446 So. 2d 1191

STATE of Louisiana v. Frederick J. BELL.

No. 82-KA-2235.

Supreme Court of Louisiana.

Feb. 27, 1984.

William J. Guste, Atty. Gen., Barbara Rutledge, Asst. Atty. Gen., Bernard E. Boudreaux, Dist. Atty., J. Phil Haney, Asst. Dist. Atty., for plaintiff-appellee.

Paul deMahy, St. Martinville, for defendant-appellant.

CALOGERO, Justice.

The state charged defendant Frederick J. Bell with three counts of forgery, in violation of La.R.S. 14:72. Following trial a six-member jury returned a unanimous verdict of guilty as charged on each count. Thereafter, the judge sentenced defendant to serve three years at hard labor on count one, five years at hard labor on count two and five years at hard labor on count three, with the sentences to run consecutively.1 On appeal to this Court defendant presents in two assignments of error one argument concerning the prosecutor’s reference to defendant’s post arrest silence. Upon review we find the defendant’s argument not meritorious and affirm the conviction.

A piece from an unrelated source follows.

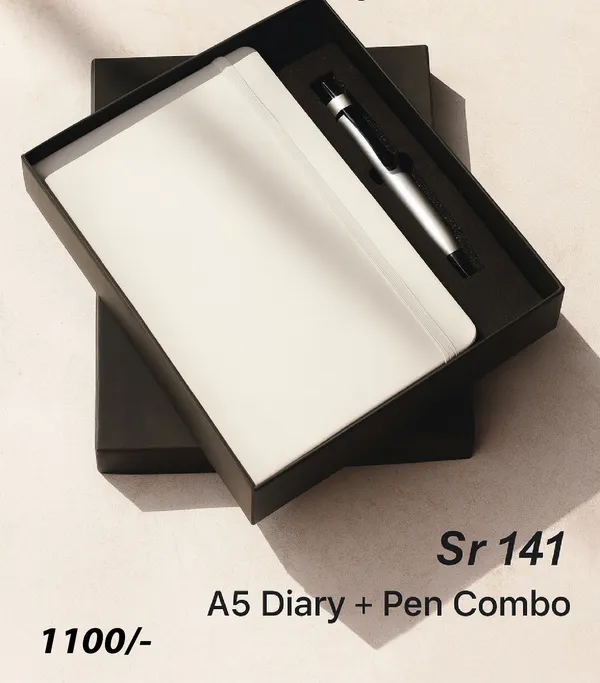 White_And_Black_Pu_Leather_Dairy_With_Pen_For_Men_&_Women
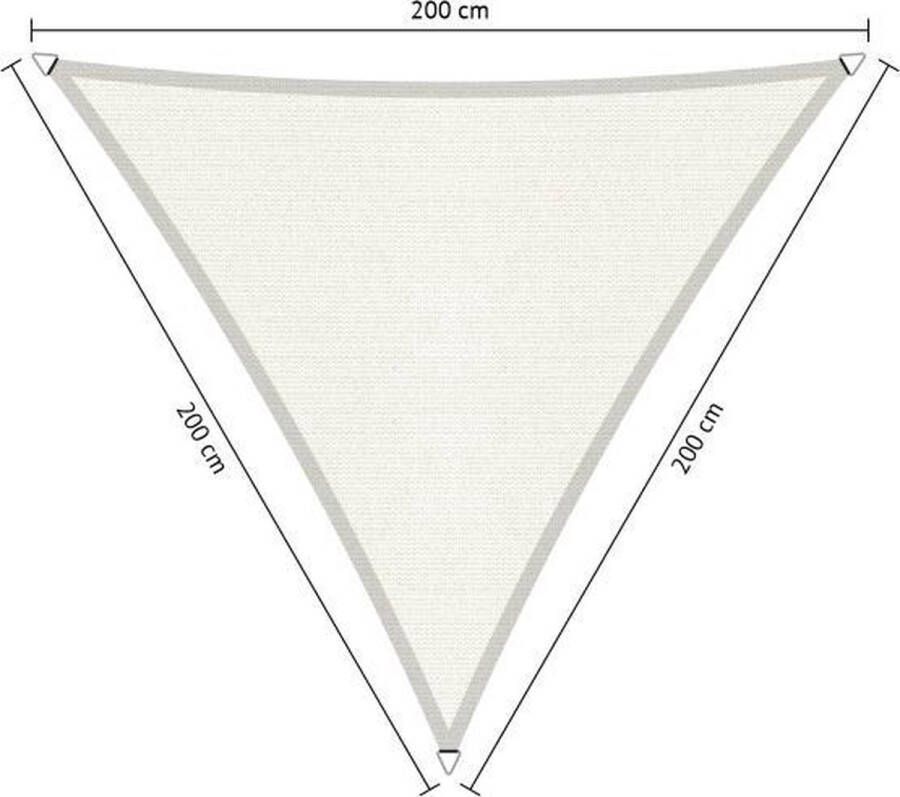 Shadow Comfort Gelijkzijdige driehoek schaduwdoek UV Bestendig Zonnedoek 200 x200 x 200 CM Arctic white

The following sequence of events forms the basis for the charges in this case. On July 14, 1981, defendant presented a check at a branch of the St. Martin Bank and Trust. The check was made out to defendant as payee and bore a purported signature of one “Lorena Burke Jacquet”. Defendant told the teller that his grandmother (Mrs. Jacquet) could not come to the bank and needed money to pay for some work being done for Antoine Cormier, an interdict for whom Mrs. Jacquet was the curator. The teller cashed the check. The following day defendant cashed another check, also purportedly signed by Mrs. Jac-quet, and gave the same reason. Later that same day defendant cashed a third check, explaining that the other checks had been insufficient to pay for the work being done.

Some time later Mrs. Jacquet discovered that the account was overdrawn. She went to the bank to investigate the matter. She saw the checks, and informed the bank *1192personnel that the signature was not hers. A comparison of the signature on the checks with that on the signature card confirmed this. The bank reimbursed Mrs. Jacquet for the amount of the checks.

ASSIGNMENTS OP ERROR NUMBERS 1 AND 4-

With' these assignments defendant contends that the trial court erred in not granting a mistrial when the prosecutor referred to defendant’s post-arrest silence.

In the course of Detective Robert A. LeBlanc’s testimony about the forgery investigation and about defendant’s arrest for the crime, the following exchange took place:.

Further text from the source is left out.